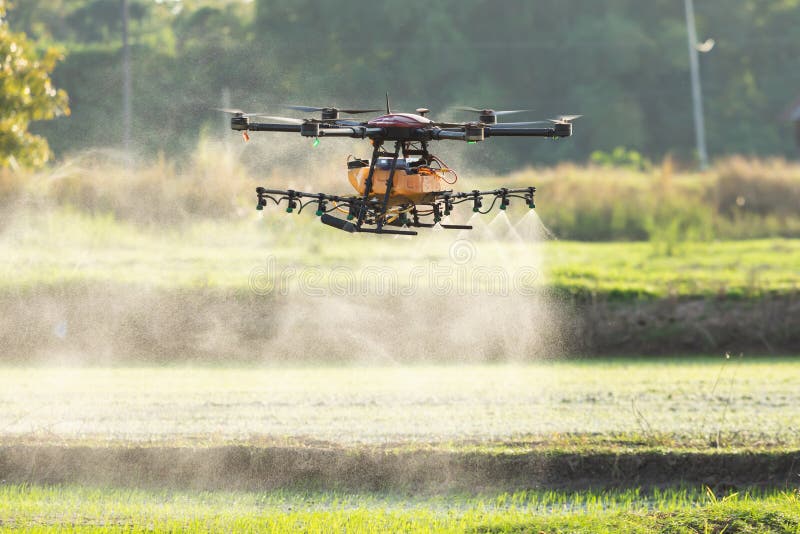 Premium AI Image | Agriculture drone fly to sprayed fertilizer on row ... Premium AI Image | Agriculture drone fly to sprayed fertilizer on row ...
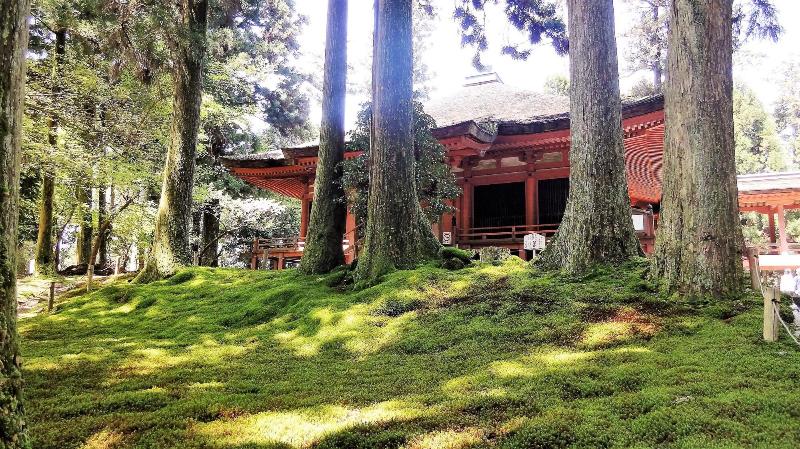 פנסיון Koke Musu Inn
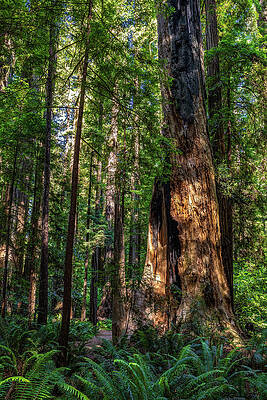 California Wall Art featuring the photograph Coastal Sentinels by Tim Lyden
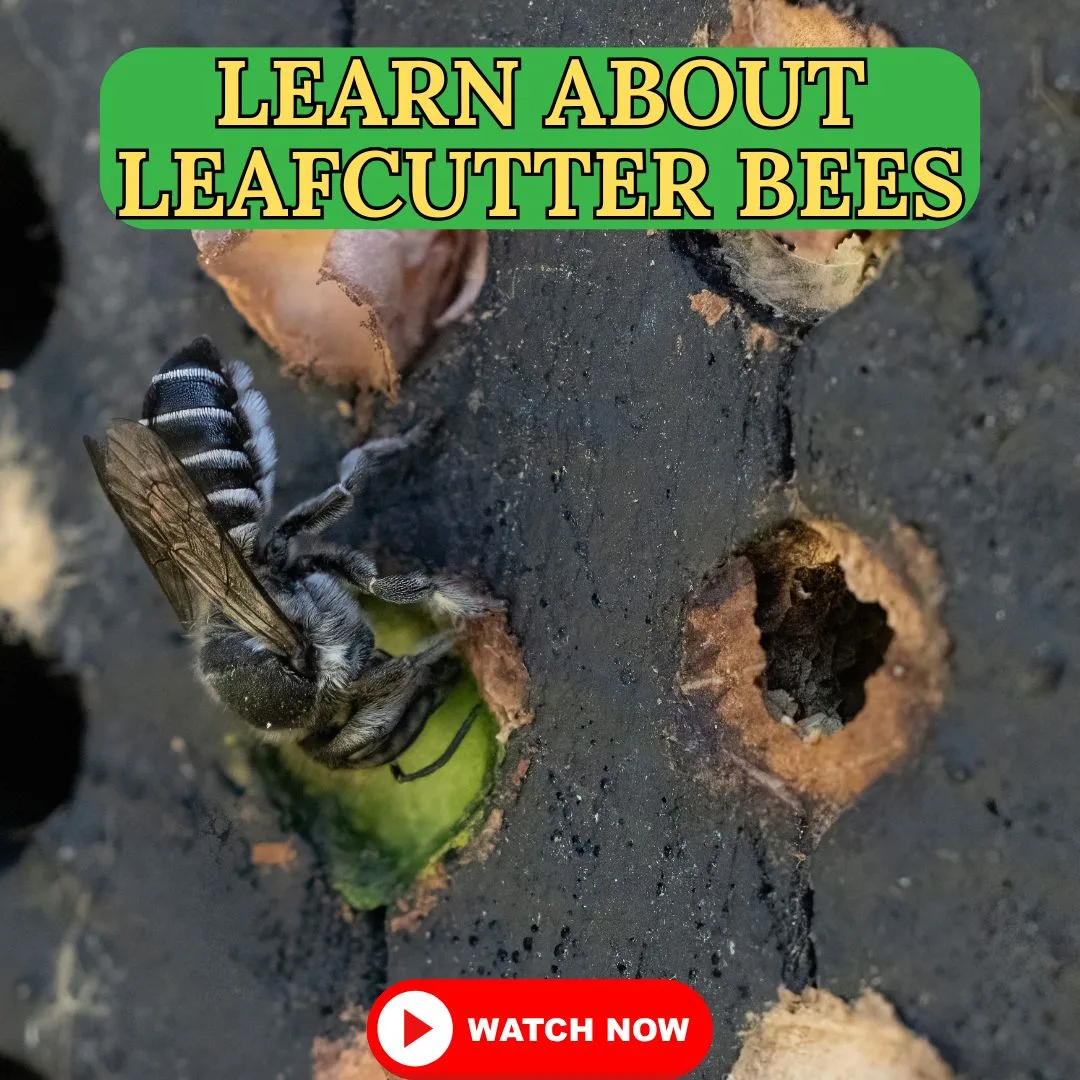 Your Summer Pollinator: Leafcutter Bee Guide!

**Work required**
Exclude every image and return the material above exactly.

**Response for this exercise**
 Premium AI Image | Agriculture drone fly to sprayed fertilizer on row ... Premium AI Image | Agriculture drone fly to sprayed fertilizer on row ...
 פנסיון Koke Musu Inn
 California Wall Art featuring the photograph Coastal Sentinels by Tim Lyden
 Your Summer Pollinator: Leafcutter Bee Guide!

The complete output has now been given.